The data dict is freeform — you put whatever fields your rules need. The engine doesn't prescribe a schema. Your rules reference fields with dot notation (recipient.domain), and missing fields resolve to null.

Complete event reference

For the full data structure with copy-paste examples for every scope, see the Event Format page.

Event Scopes

Scope When to use Typical data fields
input A prompt or message going into an agent content
output A response coming out of an agent content
action An agent performing an action action + action-specific fields
tool_call An agent calling a tool tool_name, arguments
cross_agent One agent talking to another message

The Three-Tier Approval Model

Guardrails uses a three-tier model for actions that need human oversight:

Tier Name What it means Example
1 Autonomous Agent proceeds without asking Reading CRM data, searching knowledge base
2 Soft approval User confirms in the agent UI ("Approve / Reject") Sending external emails, scheduling meetings
3 Strong approval Out-of-band verification (email code, 2FA, manager sign-off) Financial transactions, contract modifications, data exports

The tier is set per rule:

- name: external-email
  then: require_approval
  tier: soft              # Tier 2: user confirms in UI

- name: financial-write
  then: require_approval
  tier: strong            # Tier 3: out-of-band verification

When multiple require_approval rules match the same event, the highest tier wins. Strong beats soft beats autonomous.


Decision Precedence

When multiple rules match a single event, the engine follows a strict precedence:

DENY > REQUIRE_APPROVAL > REDACT > ALLOW
  1. If any rule says DENY → the event is denied. Period.
  2. If no DENY but a rule says REQUIRE_APPROVAL → approval is required (highest tier wins).
  3. If no DENY or APPROVAL but a rule says REDACT → content is modified.
  4. If nothing matches → the event is allowed.

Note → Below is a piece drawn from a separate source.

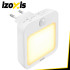 Naktinės LED lemputės su judesio ir prieblandos jutikliais, 2 vnt., Izoxis, 80 x 70 x 39 mm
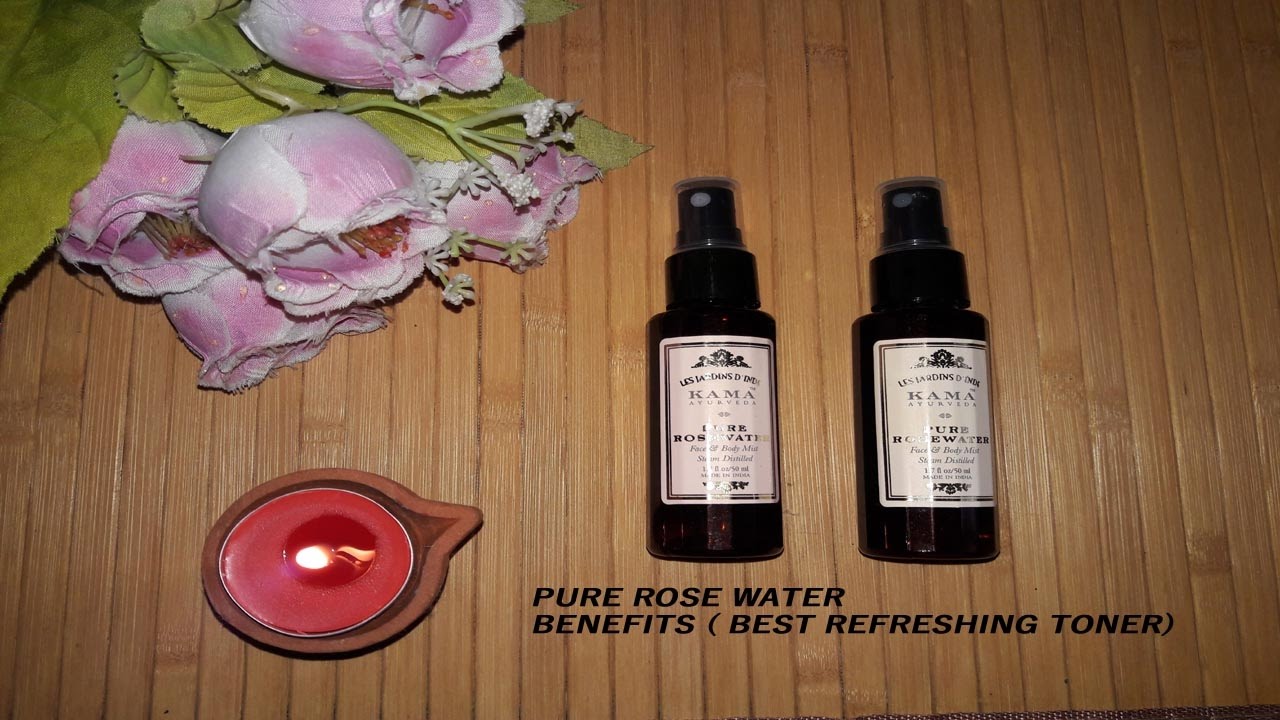 Pure rose water benefits best refreshing face mist YouTube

This means you can safely add approval rules without worrying about them overriding deny rules. Security rules always win.


Evaluation Flow

Here's what happens when engine.evaluate(event) is called:

Event arrives
    ├─ 1. Profile check
    │     Is the agent's action in the profile deny list?
    │     YES → immediate DENY (rules not evaluated)
    │     NO  → continue
    ├─ 2. Rate limit check
    │     Is any rate limit exceeded for this agent?
    │     YES → immediate DENY
    │     NO  → continue
    ├─ 3. Rule evaluation (sorted by severity: critical → high → medium → low)
    │     For each matching rule:
    │       - Does the scope match?
    │       - Does the `when` condition evaluate to true?
    │       - If yes → record the decision
    ├─ 4. Decision resolution
    │     Apply precedence: DENY > REQUIRE_APPROVAL > REDACT > ALLOW
    └─ 5. Return Decision
          outcome, rule, reason, tier, severity, modifications, evaluation_time

The entire flow takes <0.01ms for a typical policy with 5-10 rules.


Profiles vs. Rules

Profiles and rules are two layers of defense:

Profiles Rules
What they control Which actions an agent can/cannot perform Conditions under which events are allowed/denied/modified
Checked First (before rules) Second (after profile)
Granularity Action name only (e.g., "commit_pricing") Any condition on any event field
Override Deny is absolute — no rule can override Rules only add restrictions

Example: The sales-agent profile denies commit_pricing. Even if you write a rule that says "allow commit_pricing when manager_approved == true", the profile deny fires first and blocks it. Profiles are the hard boundary.


Dry Run Mode

Dry run evaluates every rule and produces the full decision, but marks it as non-enforcing:

engine = Engine(policy, dry_run=True)
decision = engine.evaluate(event)
# decision.outcome = "deny"  (what WOULD happen)
# decision.dry_run = True    (but not enforced)

Use dry run for:

  • Testing new policies in production before turning them on
  • Compliance validation — "show me what this policy would block"
  • Shadow mode — log decisions without affecting agent behavior

The CLI also supports it:

guardrails check --config policy.yaml --dry-run --event '...'
# Shows DENY [DRY RUN] but exits with code 0

Audit Logging

Every evaluation — including ALLOWs — is loggable. This is critical for compliance: you need to prove not just what was blocked, but what was allowed and why.

from theaios.guardrails.audit import AuditLog

audit = AuditLog("audit.jsonl")
decision = engine.evaluate(event)
audit.write(event, decision, policy=policy)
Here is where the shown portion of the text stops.